Task objective: From the entries below, print exactly the span beginning with the line holding "Mitarbeitende legen Hände" and ending with the line holding "オレンジ系のニット/セーターを着用したメンズの夏コーディネートの3枚目の写真", endpoints included, and skip any pictures.
━━ Given data
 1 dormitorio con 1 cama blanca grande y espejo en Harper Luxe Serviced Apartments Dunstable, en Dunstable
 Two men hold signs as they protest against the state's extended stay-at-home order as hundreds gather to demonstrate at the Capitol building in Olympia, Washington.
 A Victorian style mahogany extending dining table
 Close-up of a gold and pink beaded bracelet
━━━━
━━ Given data
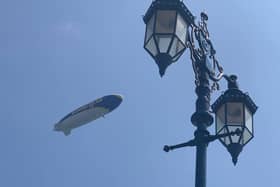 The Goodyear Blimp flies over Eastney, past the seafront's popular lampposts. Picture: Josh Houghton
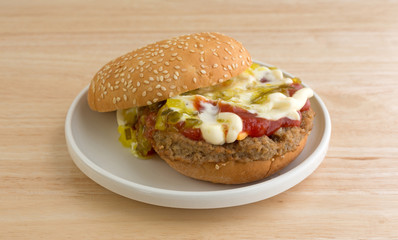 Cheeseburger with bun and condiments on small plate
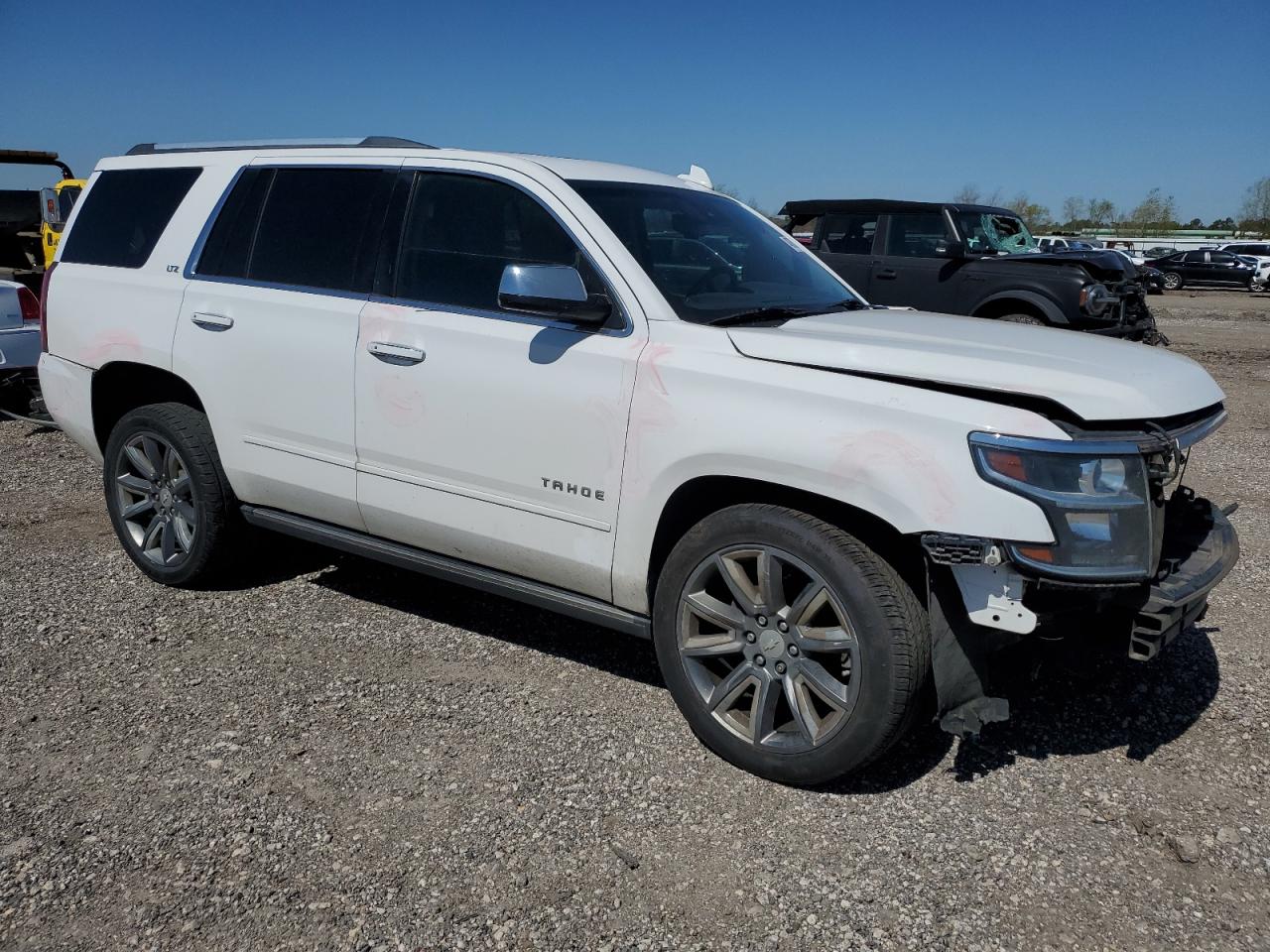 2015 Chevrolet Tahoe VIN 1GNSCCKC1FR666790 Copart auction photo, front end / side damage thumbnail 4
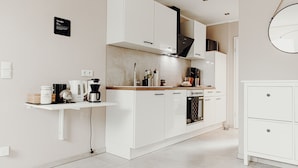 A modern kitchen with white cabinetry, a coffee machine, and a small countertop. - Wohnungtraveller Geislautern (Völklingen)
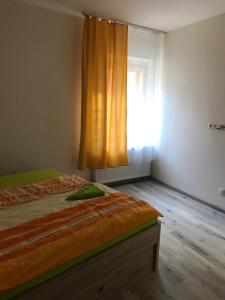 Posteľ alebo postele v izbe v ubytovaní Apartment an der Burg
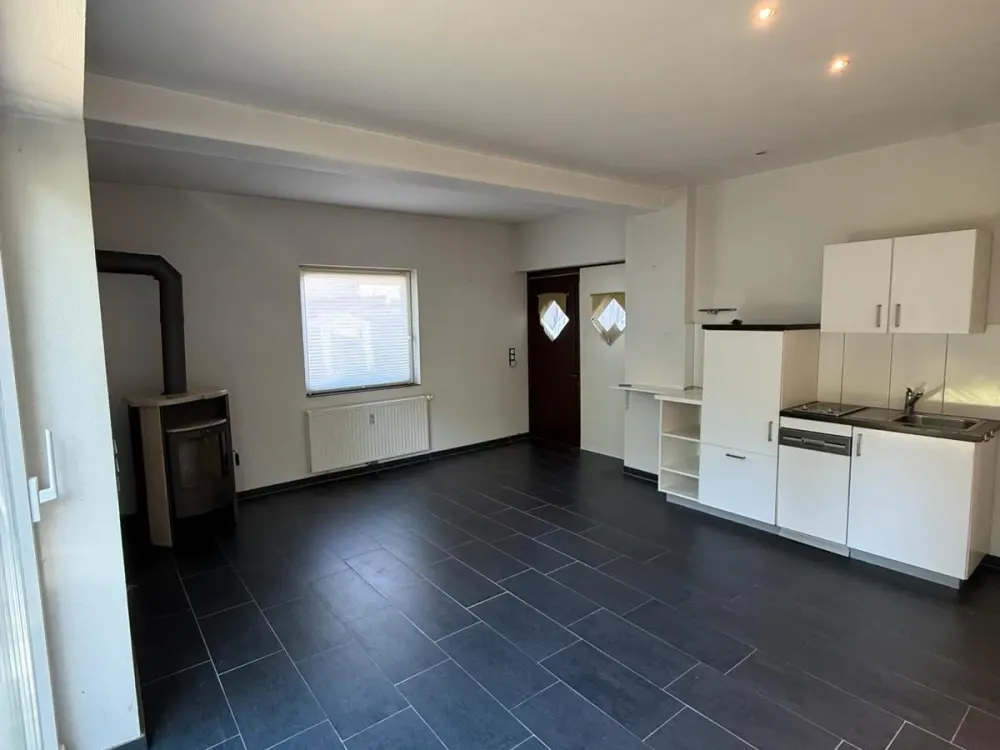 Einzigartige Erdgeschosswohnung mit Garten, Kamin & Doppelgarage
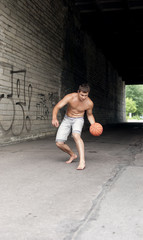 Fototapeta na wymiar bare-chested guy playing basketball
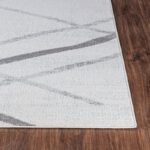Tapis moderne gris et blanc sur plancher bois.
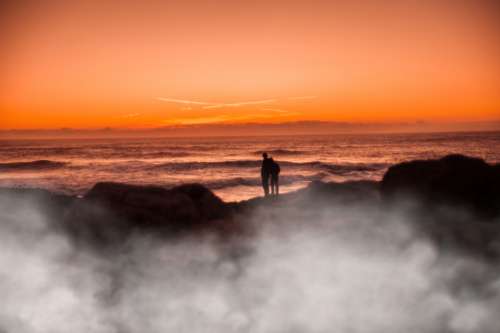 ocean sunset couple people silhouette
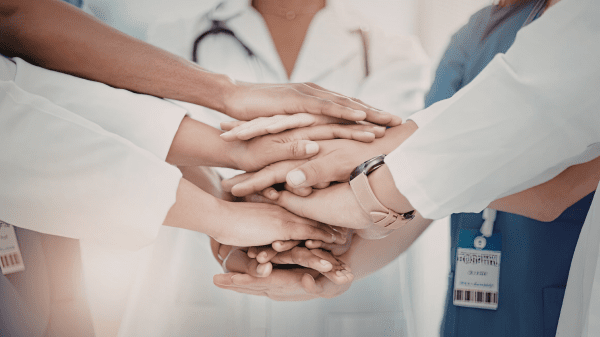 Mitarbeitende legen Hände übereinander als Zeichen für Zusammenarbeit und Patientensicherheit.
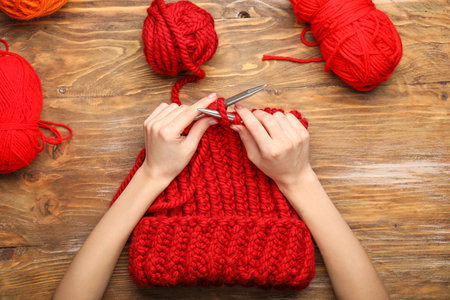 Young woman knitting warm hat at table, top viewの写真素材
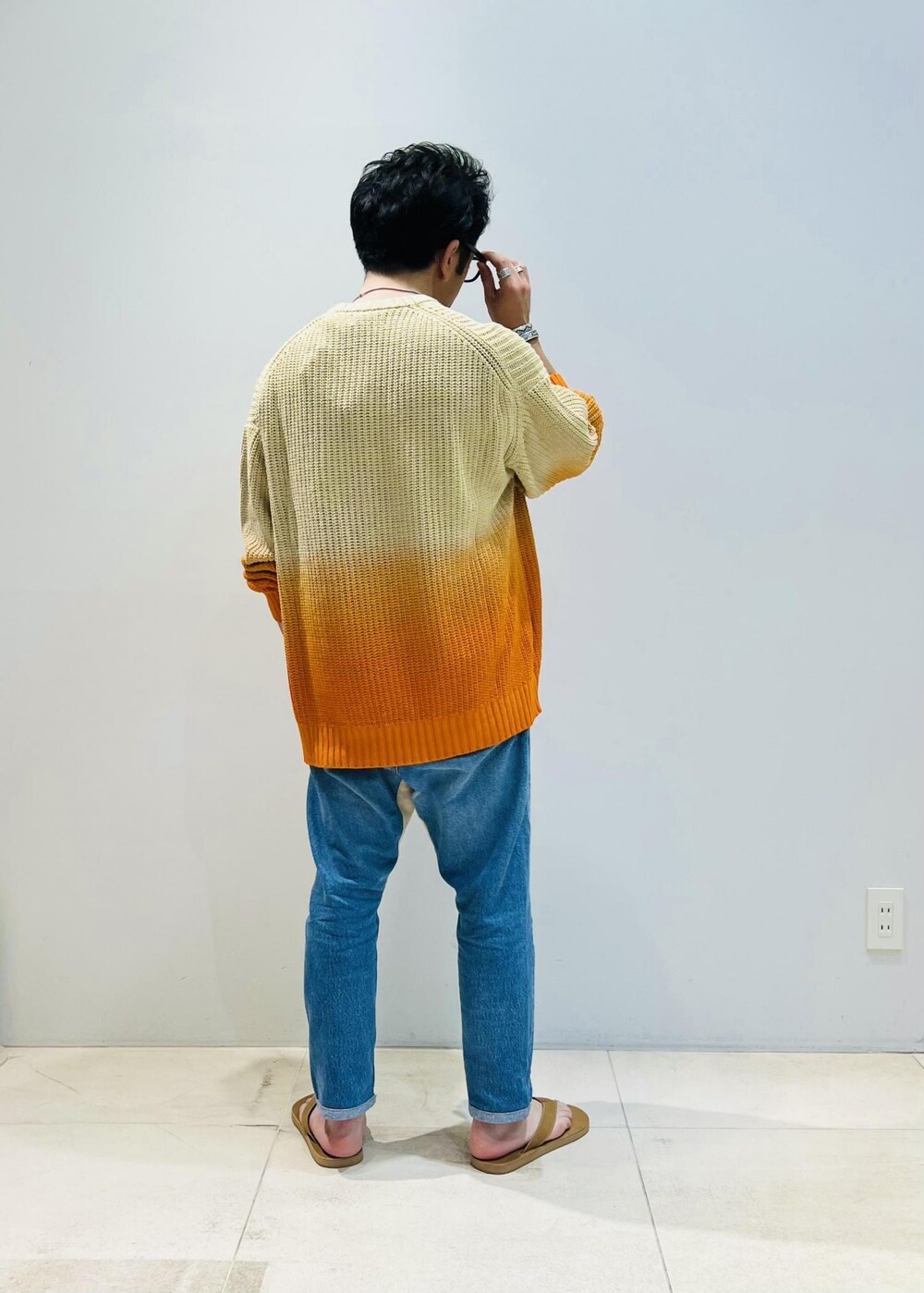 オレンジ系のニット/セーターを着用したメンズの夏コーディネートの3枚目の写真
━━━━
Exercise response:
 Mitarbeitende legen Hände übereinander als Zeichen für Zusammenarbeit und Patientensicherheit.
 Young woman knitting warm hat at table, top viewの写真素材
 オレンジ系のニット/セーターを着用したメンズの夏コーディネートの3枚目の写真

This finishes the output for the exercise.